TASK TO COMPLETE
Leave out the pictures and retype all the entries below exactly.

[Data excerpts]
================
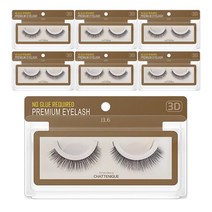 [ 9~12 mm ]샤뜨니끄 3D 속눈썹 7개세트 원터치 3초 속눈썹 4종 셀프연장 9~12 mm 7개세트, j3.6-9mm, 7개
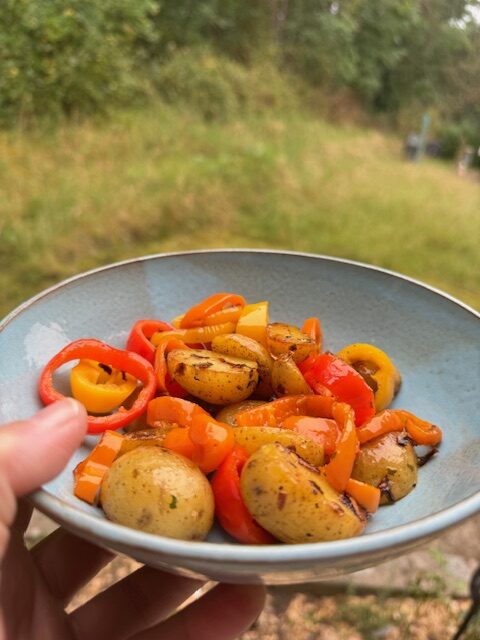 Kartoffeln zum Frühstück
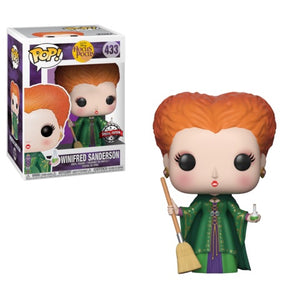 Funko POP! Disney: Hocus Pocus - Wilfred Sanderson #433 - Sweets and Geeks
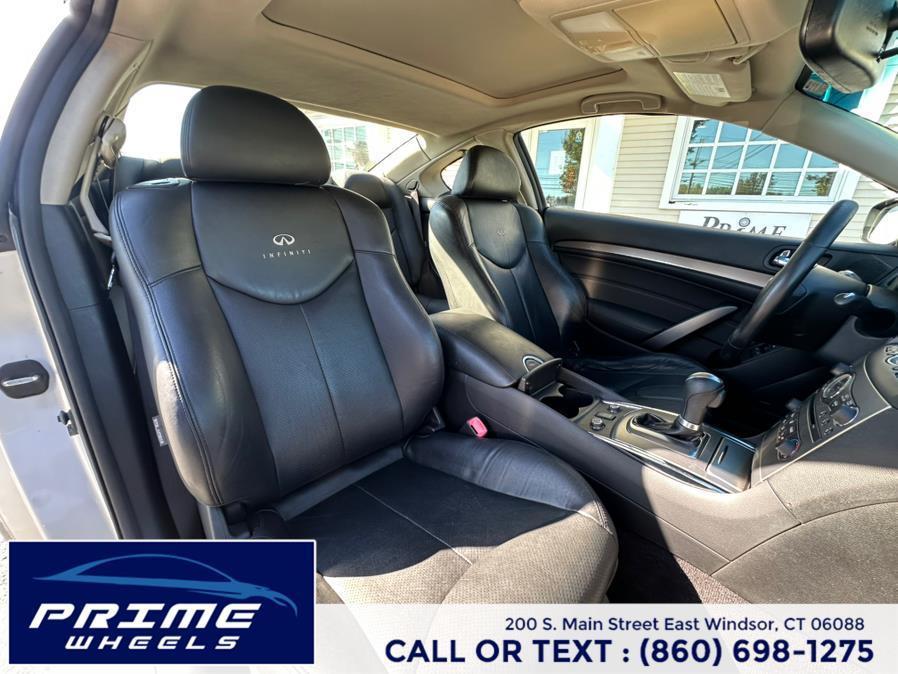 used 2011 INFINITI G37x car, priced at $8,488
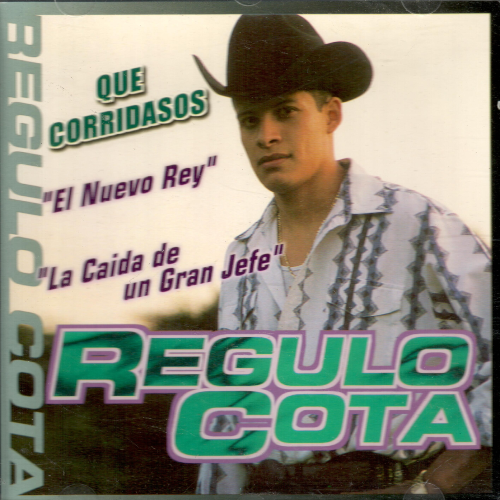 Regulo Cota (CD Que Corridazos) DL-323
================
TASK RESPONSE
 [ 9~12 mm ]샤뜨니끄 3D 속눈썹 7개세트 원터치 3초 속눈썹 4종 셀프연장 9~12 mm 7개세트, j3.6-9mm, 7개
 Kartoffeln zum Frühstück
 Funko POP! Disney: Hocus Pocus - Wilfred Sanderson #433 - Sweets and Geeks
 used 2011 INFINITI G37x car, priced at $8,488
 Regulo Cota (CD Que Corridazos) DL-323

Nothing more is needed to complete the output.